Same thing with read and also to modify or delete right? But what’s different about this is now we can be even more specific, like maybe what we want to do is grant the ability to manipulate network interfaces to a process, but give them the ability to modify anything in the file system, right? And so we could give them a capability that would allow them to modify anything in the file system, but not let them access admin. So, you know, it’s big chunks of permissions. Now, this is already a thing that exists within the within kubernetes and this is an example of how you might configure that inside of kubernetes.
If this is something that you’re interested in you can definitely go to docs.k8s.io an take a look at the security context topic and you’ll find a way to actually explore and configure this stuff. In this example, we’re actually granting net admin and sys time to this particular process and so the container that we’ve identified: gcr.io/google-samples/node-hello:1.0 has the ability to administrate the network, so they could do things like inside of the container dump IP tables or turn off of a network interface and those sorts of things. So how does all of this work? Capabilities can grant access to stuff, right? They have the ability to grant a very large chunk of permissions to a given process or to a particular user. Seccomp files are significantly more granular.
They have the ability to filter or block access to given syscalls and they also have the ability to list, or to add or deny those permissions. And, the other thing I want to call out here is that seccomp is incredibly powerful, but it should be used in an allow and deny list model, otherwise, you will miss stuff. An example of this is that currently as of the 5.8 kernel, there are 345 syscalls that can be specifically allowed or denied by a seccomp profile in the x86_64 architecture.
And this isn’t like all of the things this is just the one that’s for x86_64 and that number is up from I think it was like 250 in like a 4.x kernel right? So we’re always adding more syscalls or we’re actually further defining more syscalls and so you have to be really careful about the way that you define a seccomp profile and that you don’t, it’s not just a deny list because if you’re denying only those things that you want to restrict, then as we add more syscalls, by default, they would be granted, and so we have to be allow and deny, we have to do both. If you want to see all of the syscalls that are available in the system, there’s a great resource here and I’ll show that to you in a little while.
The next thing I’m going to do is I’m going to describe a tool that I’ll be leveraging today to understand a little bit about the way that a given process is configured.

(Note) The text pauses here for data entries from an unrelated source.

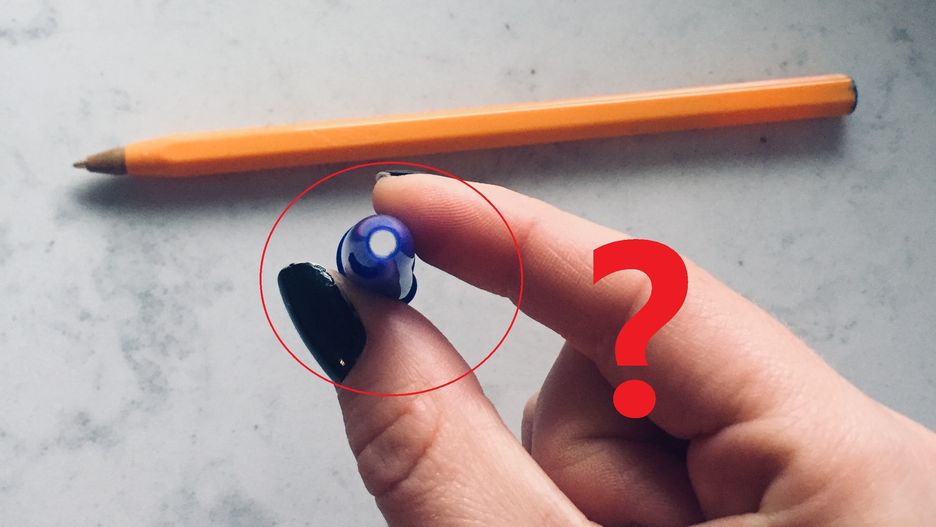 Nie bez powodu, zatyczki od długopisu mają dziurkę.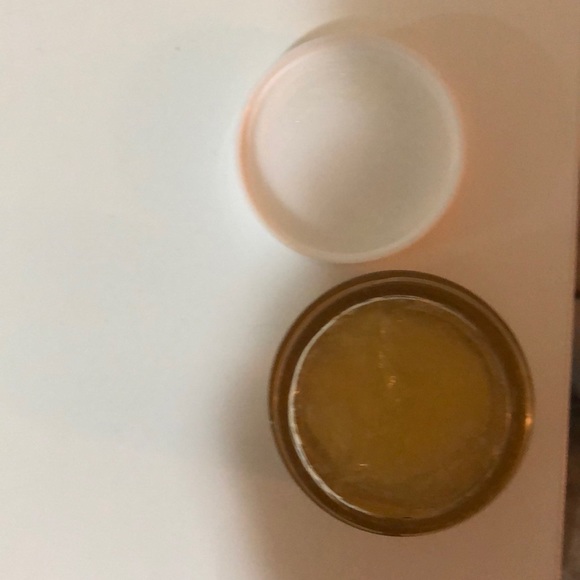 Kiehl’s Calendula & Aloe Soothing Hydration Mask - Picture 3 of 4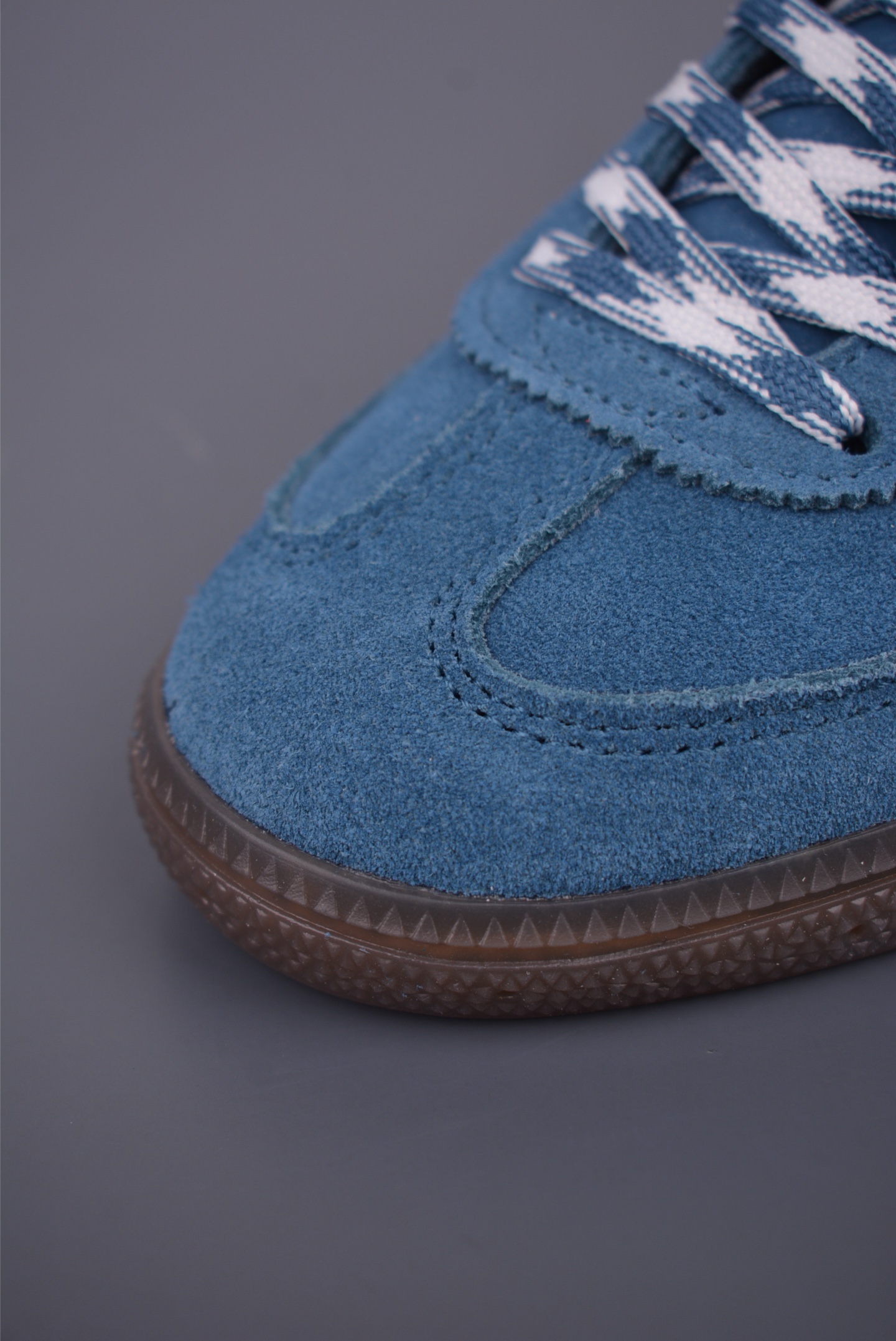 Adidas Handball Spezial Retro Casual Sneakers - Suede Upper, Durable Rubber Sole 7 i1753984373111 7345 0 5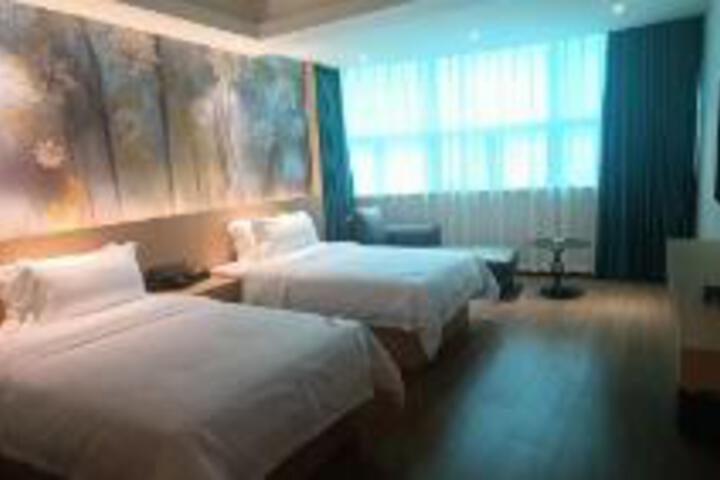 Room 6 of 8
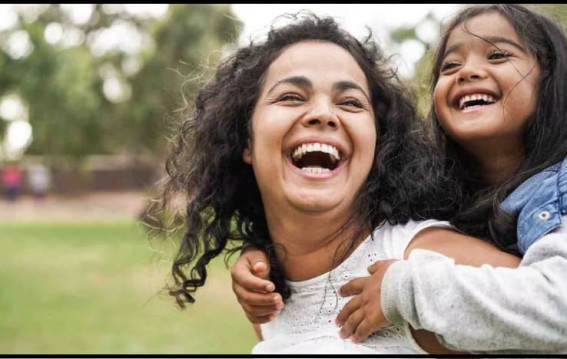 क्या तेज़ हंसी से हो सकती है जान का खतरा?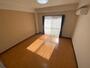 居室・リビング　※別部屋の写真です
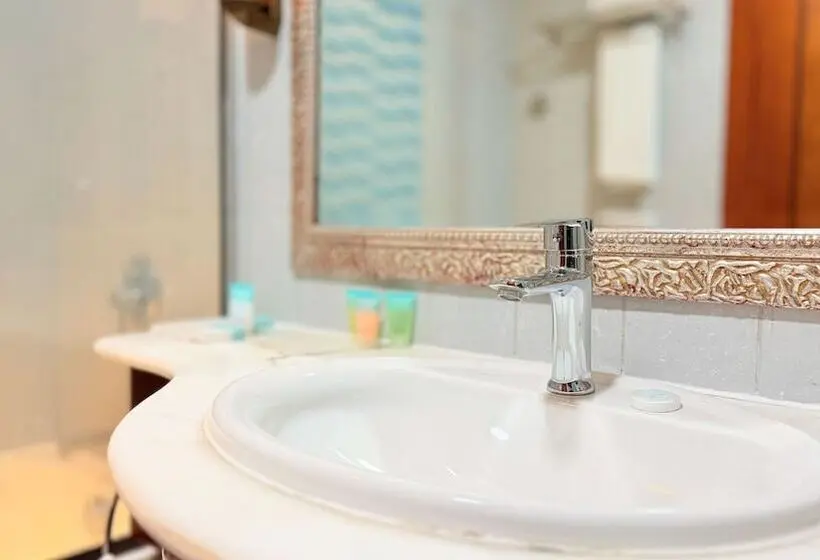 Sunday Hotel Al Barsha Dubai Mall of the Emirates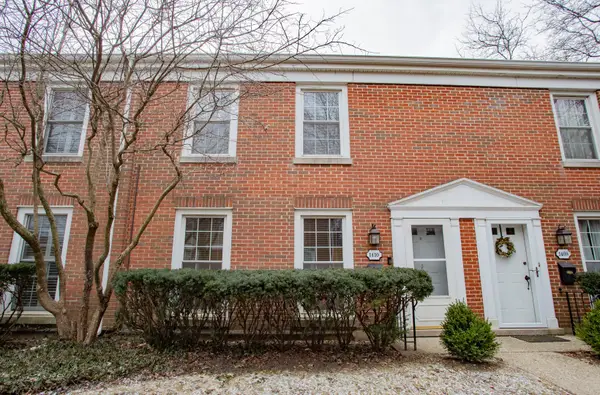 1410 Pebblecreek Drive, Glenview, IL 60025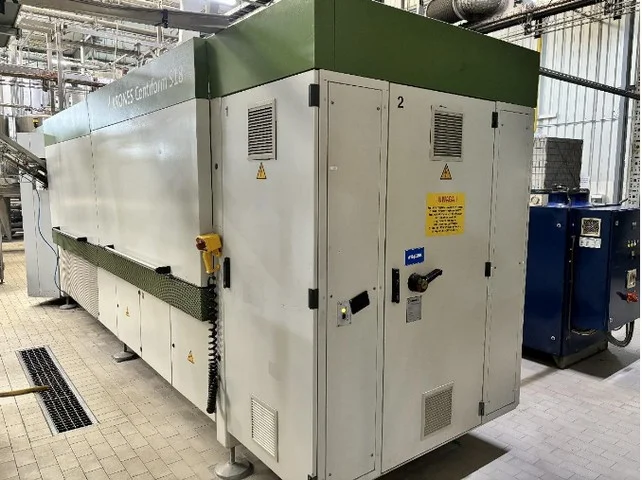 Used Bottling Blow Molding Machine Krones Contiform S18 - 2004, 28,000 BPH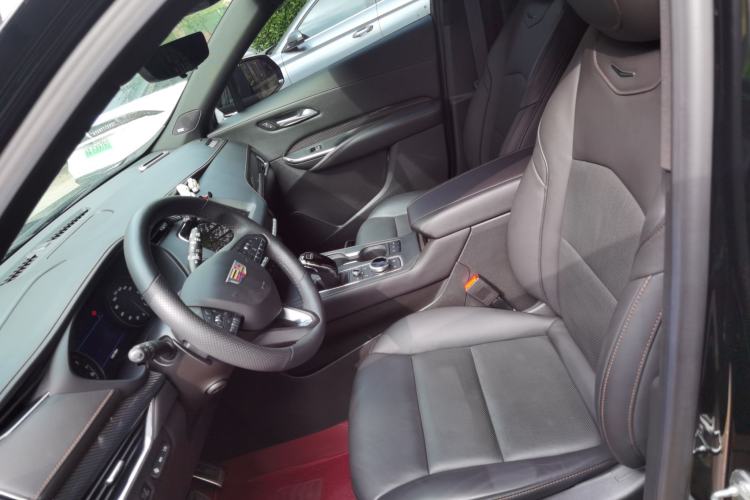 Used Cadillac XT4 2022 28T Four-Wheel Drive Platinum Edition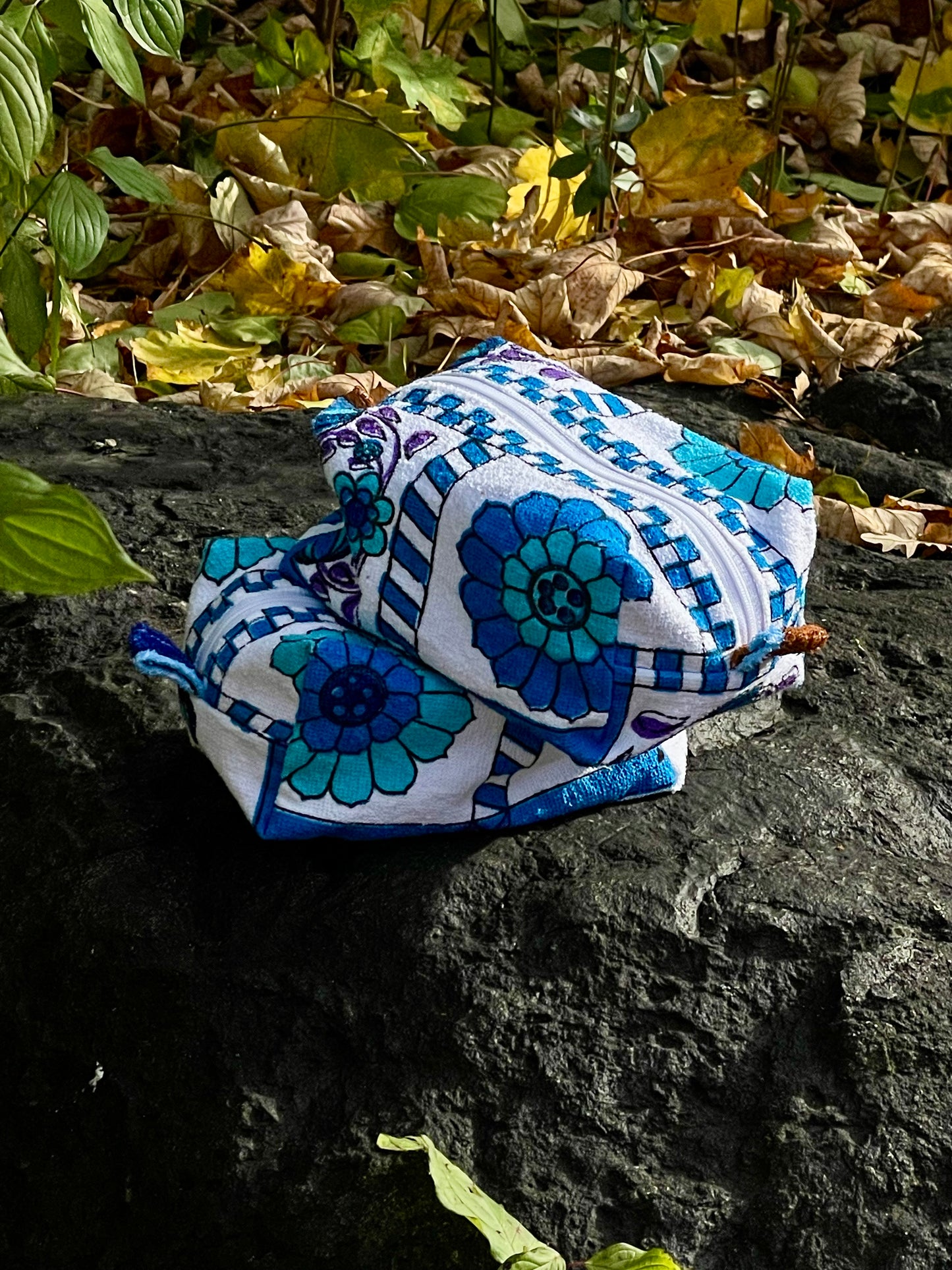Cosmetic bag blue pril flower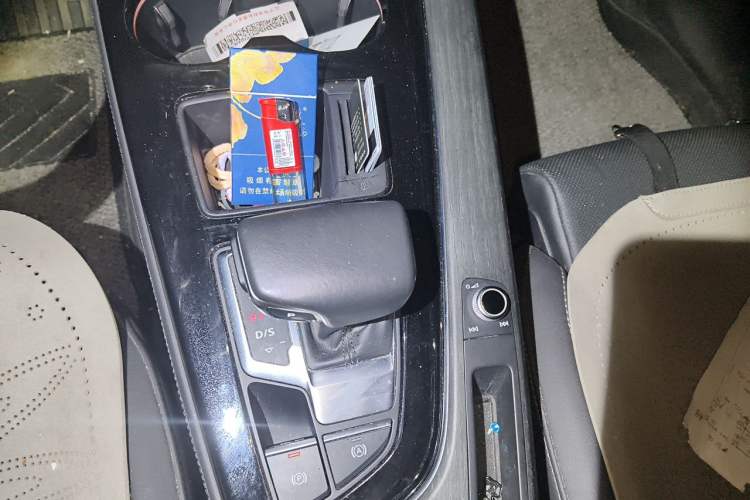 Used Audi A4L 2023 40 TFSI Luxury Dynamic Model Gear Lever
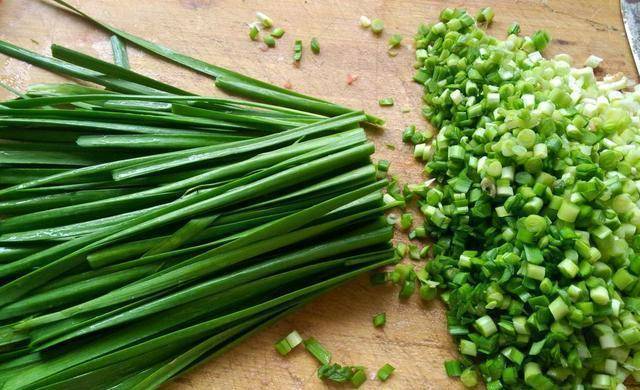 什么时间种韭菜较好 a1b010b34faa427bb64062b8fb60b229.jpeg
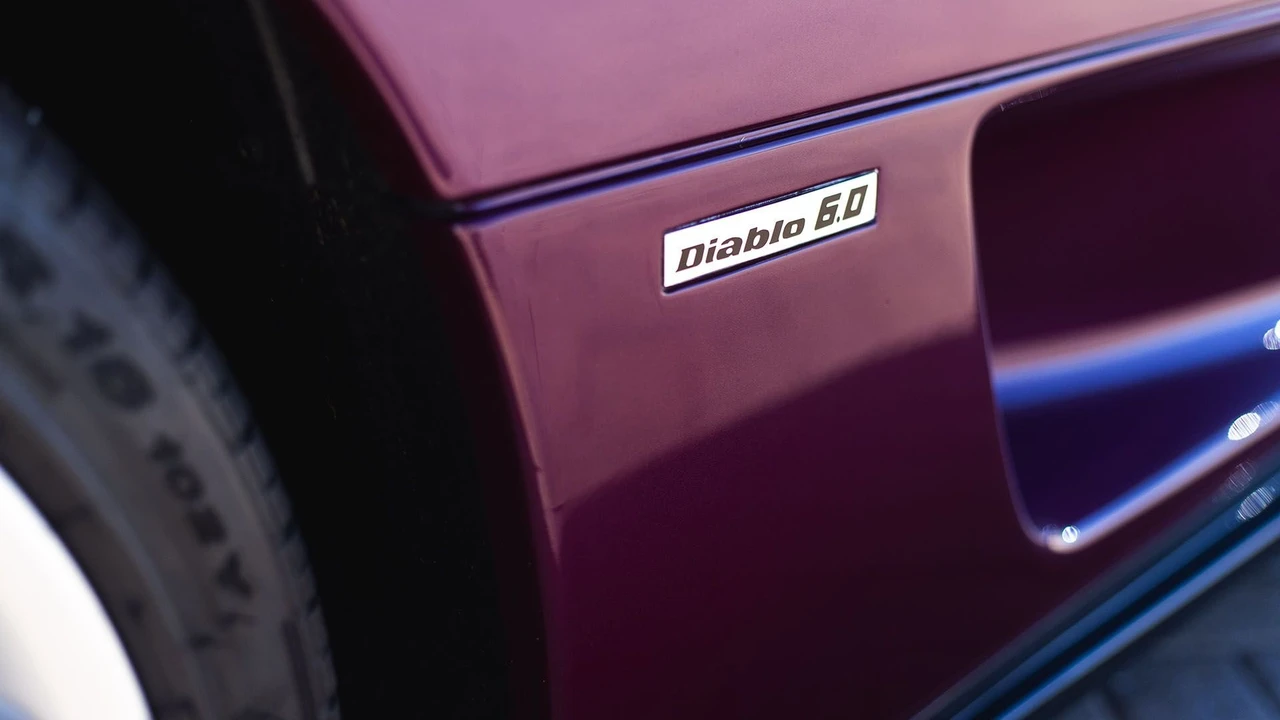 2001 Lamborghini Diablo VT - Image 6 of 31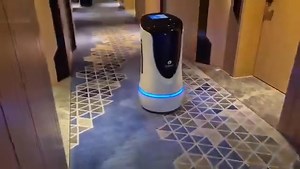 ROBOT DELIVERY SERVICE IN CHINA China Is A Great Country - Prof Chirwa China is moving ahead of US and Europe in as far as technology is concerned, Engineer Professor Clive Chirwa has said. Prof Chirwa a United Kingdom based Zambian has shared robot delivery services in a Chinese hotel describing the innovation aa Great. He says the innovation is yet to be introduced in United States or Europe. Prof Chirwa shares the video of the whole delivery process. Watch the video. | Zambian Eye News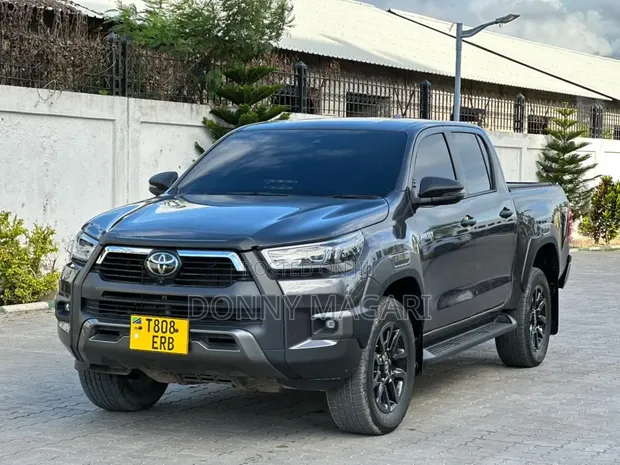 Toyota Hilux 2023 Double Cabin Pickup - 1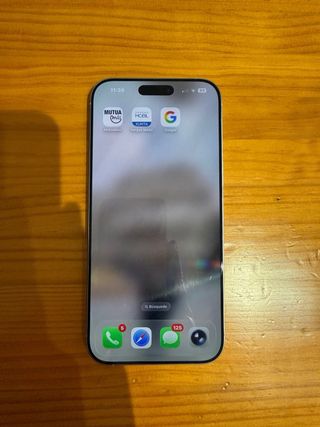 iPhone 16 Pro Max Plata Como Nuevo 100% bateria.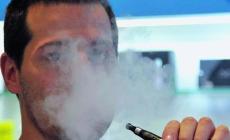 Esplode  sigaretta elettronica: muore un uomo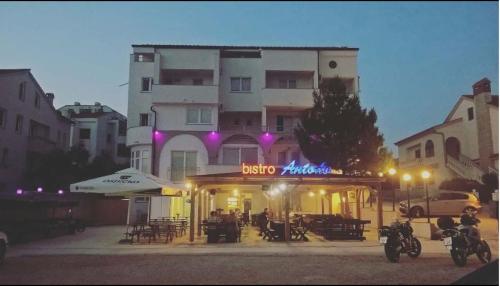 Το κτήριο όπου στεγάζεται  το διαμέρισμα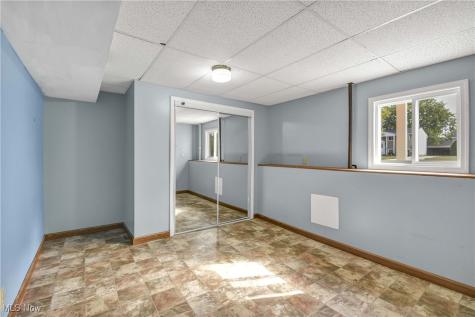 15800 Holland Road Brook Park OH 44142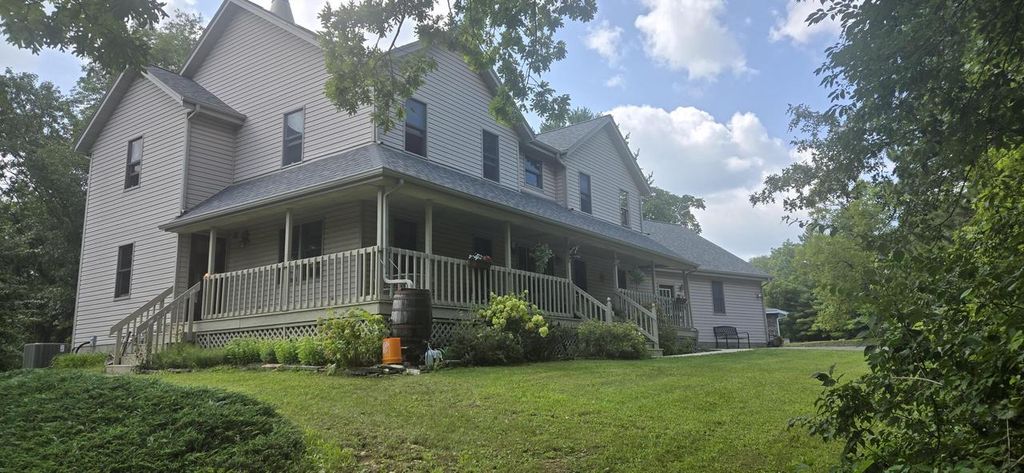 S86W30445 Stonegate DRIVE, Mukwonago, WI 53149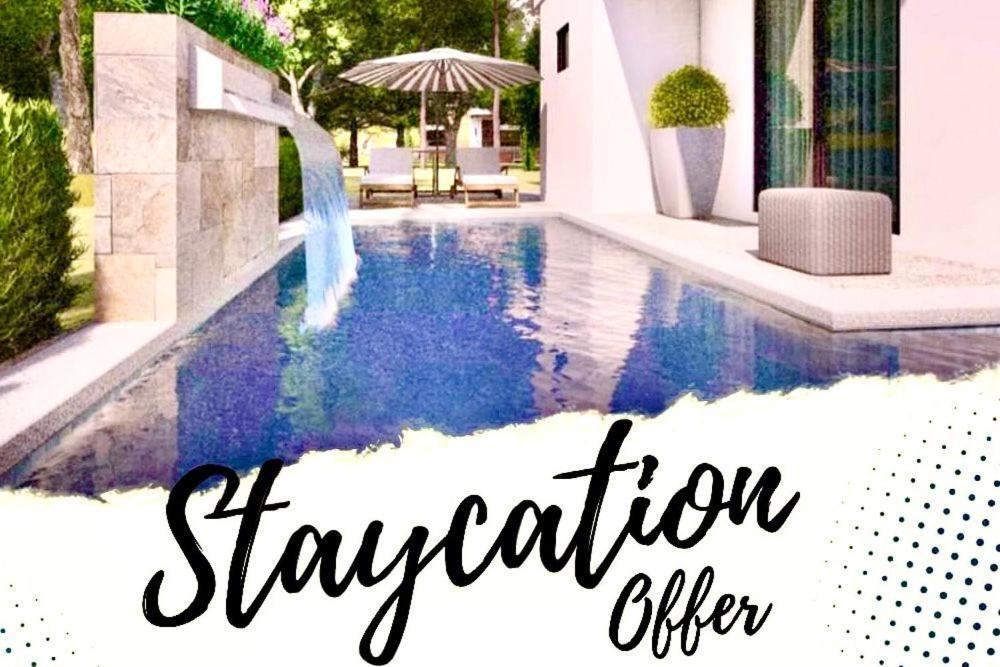 Overlooking Staycation At Sandari Batulao タガイタイ エクステリア 写真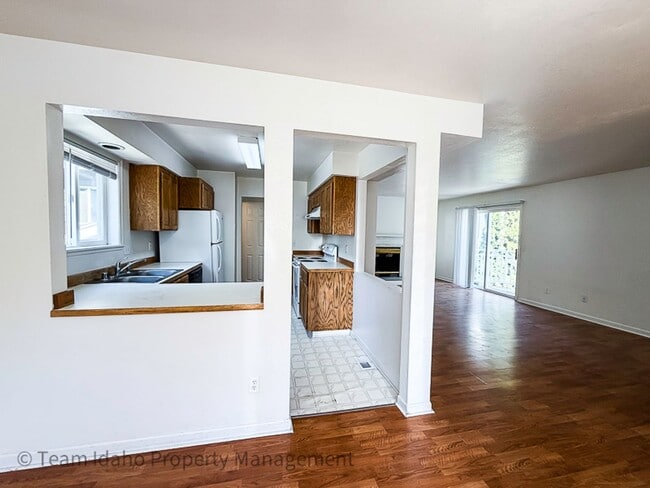 Photo - 562 Deer Meadow Ct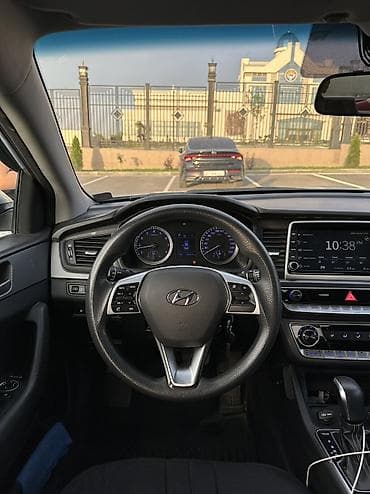 mini coper: Hyundai Sonata: 2019 г., 2 л, Автомат, Газ, Седан — 8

And this was written by Jessie Frazelle, who’s done a ton of work. Definitely one of my heroes in the space. She’s done a lot of work on increasing the security of processes and docker containers and all that stuff. Here is an output of what kind of a bog stock configured docker configuration would work with right? And so, if we were just to do docker-run of a process and we take a look at the output of AMI-contained we’ll be able to derive a couple of different things.
We’ll be able to see what capabilities have been granted and we’ll also be able to see the syscalls that have been blocked. So by default, inside of, um, inside of a docker when you configure it or when you just you know, install it and turn it on. When you do a docker-run of a process, by default you get all of these system calls blocked. And a lot of these make a ton of sense. I mean if you, if we read through them. So for example, like there’s one in here that is turning swap-on or swap-off, right? This actually gives us the ability to manipulate the swap file system as presented to the kernel, right? Which is probably more permission than we want to grant to a containerized process. There’s other permissions like the ability to manipulate N-F-S, or the ability to init or delete or create a module.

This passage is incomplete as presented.